経営者の役割は、そうした消費者の目、第三者の目の中で、いかに事故や事件を起こさないようにするか、会社全体について目配りをすることです。しかし、経営者の任期が短くなっているので、経営者の考えが単視眼的になっていることを危惧しています。事故や不祥事は起きたその年が悪いというより、原因を遡ると10年、20年前から続いているので、過去、現在、将来と長期的にとらえて安全対策を考える必要があるでしょう。
──とはいえ、事故や事件を100%防ぐのは難しいと思いますが、経営者はどのように取り組むべきでしょうか?
経営者には、『合理的に実施可能な水準』を定めて自主的にマネジメントして欲しいと主張しています。『合理的に実施可能な水準』というのはイギリスで始まった言葉です。まず、少なくともトップが現在の自社の安全水準を何らかの形で知っておく必要があります。
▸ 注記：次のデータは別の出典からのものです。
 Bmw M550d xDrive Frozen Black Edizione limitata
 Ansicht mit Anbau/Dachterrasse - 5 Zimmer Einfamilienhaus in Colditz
今月の売上のようにはっきりした数字で現れないとしても、過去に比べて上がっているのか、下がっているのか、他社と比較して進んでいるのかどうか、あるいは消費者が自社をどのように見ているのかなどについて、経営者自身でなくとも、直接肌で感じ取れる人の存在が重要だと考えています。
もう一つは、現在の安全水準が60点だとして、90点にするためにいかなる投資を行うべきか、経営の立場で判断することが重要です。現在の安全水準が40点だとして、これを60点に上昇させるためには100億円の投資が必要だとしましょう。そのための技術も十分に保有している、競合他社も投資を行っている、利益も200億円は出ている、とすれば、100億円の投資も理にかなっている、というのが『合理的に実施可能な水準』です。
これはなかなか難しいことですが、経営の他の面、たとえば新商品開発の現場では、どの企業でも、最もコストパフォーマンスの高いものを作ることを心がけ、あらゆる技術を集結し、他社との優位性を加味し、消費者ニーズも取り入れて「これなら売れる」と市場に投入することは当然だと思います。こうした多角的な考え方は、安全対策にも適用できることでしょう。